また、支持アーム23は、外力の作用を受けると、第2アーム231cが回転支軸231bと一体的に回転することにより、復帰バネ231dの付勢力に抗して車両進行方向G前方側に回動可能となっている。
【0055】
阻止棒24は、図8及び図9に示すように、その表面に、車両の衝突を検知するための衝突検知センサ(検知部)241が設けられている。尚、衝突検知センサ241として圧電素子やマイクロスイッチを用いることができる点、及びその機能については第1実施形態と同じである。
【0056】
次に、第2実施形態に係る遮断機20の機能構成について説明する。図12は、遮断機20の機能構成を示す機能ブロック図である。遮断機20においては、阻止棒24に設けられた衝突検知センサ241と、駆動軸22の電動機25と、がそれぞれ制御部26に対して電気的に接続されている。さらに、この制御部26には、遮断機20の外部に設けられた操作部27が電気的に接続されている。尚、操作部27の構成は第1実施形態と同様である。
【0057】
そして、制御部26は、衝突検知センサ241及び操作部27からの入力に基づいて、電動機25の制御を行うように構成されている。
【0058】
また、遮断機20の外部には、周辺機器として、車両検知器28、路側アンテナA及び上記操作部27がそれぞれ接続された車線サーバ29が設けられている。ここで、車両検知器28,路側アンテナA,及び車線サーバ29の機能は、第1実施形態の車両検知器18,路側アンテナA,及び車線サーバ19と同じであるため、ここでは説明を省略する。
【0059】
次に、第2実施形態に係る遮断機20の作用及び効果について説明する。まず、通常時すなわち車両が阻止棒24に衝突しない時における、阻止棒24の開閉動作の処理手順について説明する。第2実施形態における阻止棒24の開閉動作は、図5に示した第1実施形態の阻止棒14の開閉動作と同じ処理手順である。但し、阻止棒24の阻止位置S及び許可位置Kが、第1実施形態とは異なっている。具体的には、第2実施形態における阻止棒24の阻止位置Sとは、図8に示すように、水平状態であって且つ車両進行方向Gに略直交して延びる状態を意味する。一方、第2実施形態における阻止棒24の許可位置Kとは、図11に示すように、略鉛直に起立した状態であって且つ車両の進行方向Gに略直交する方向へ延びる状態を意味する。
【0060】
次に、第2実施形態において、通常時における阻止棒22の遠隔操作の処理手順について説明する。阻止棒24の遠隔操作の処理手順は、図6に示した第1実施形態の阻止棒14の遠隔操作と同じ処理手順である。
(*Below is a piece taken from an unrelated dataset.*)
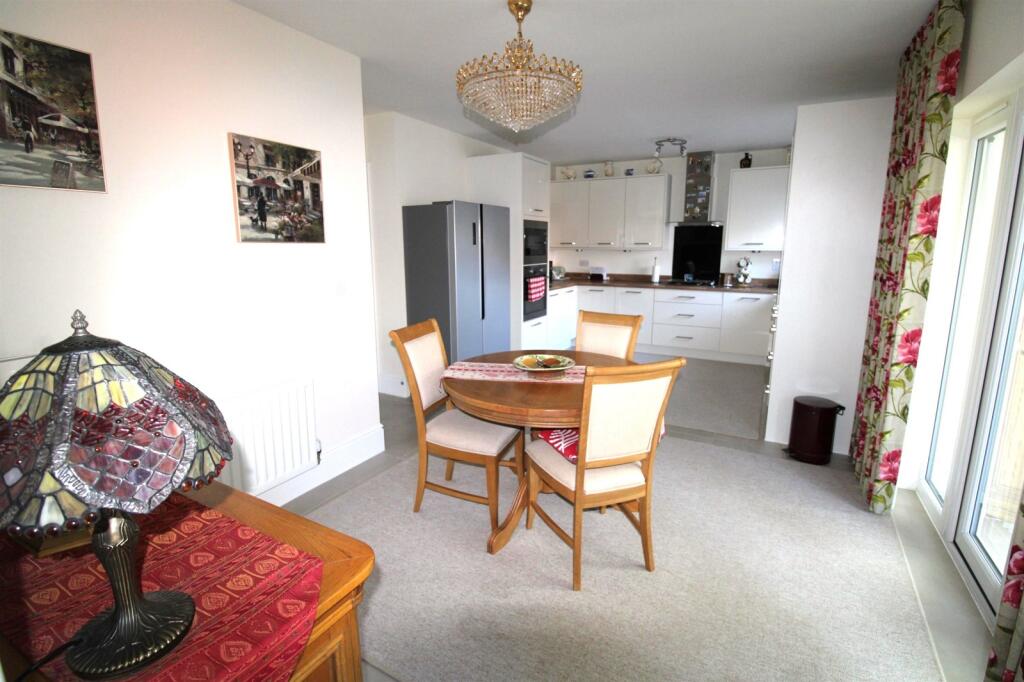 Spacious Open-Plan Kitchen/ Diner/ Sitting Area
但し、前述の開閉動作と同様に、阻止棒24の阻止位置S及び許可位置Kが第1実施形態とは異なっている。
【0061】
次に、第2実施形態において、異常時すなわち車両が阻止棒24に衝突した時の阻止棒24のリリース動作について説明する。阻止棒24のリリース動作の処理手順は、図7に示した第1実施形態の阻止棒14のリリース動作と同じ処理手順である。但し、前述の開閉動作と同様に、阻止棒24の阻止位置S及び許可位置Kが第1実施形態とは異なっている。
【0062】
但し、第2実施形態に係る遮断機20では、図9に示す状態において阻止棒24に車両が衝突すると、図10に示すように、その衝撃で第2アーム231cが復帰バネ231dの付勢力に抗して回動することにより、支持アーム23がその長手方向中間部において折れ曲がった状態となる。これにより車両の衝突による衝撃を緩和することが可能となっている。尚、折れ曲がった支持アーム23は、リリース位置(許可位置)Kへとリリース動作を行う間に、復帰バネ231dの付勢力によって元の真っ直ぐな状態へと復帰する。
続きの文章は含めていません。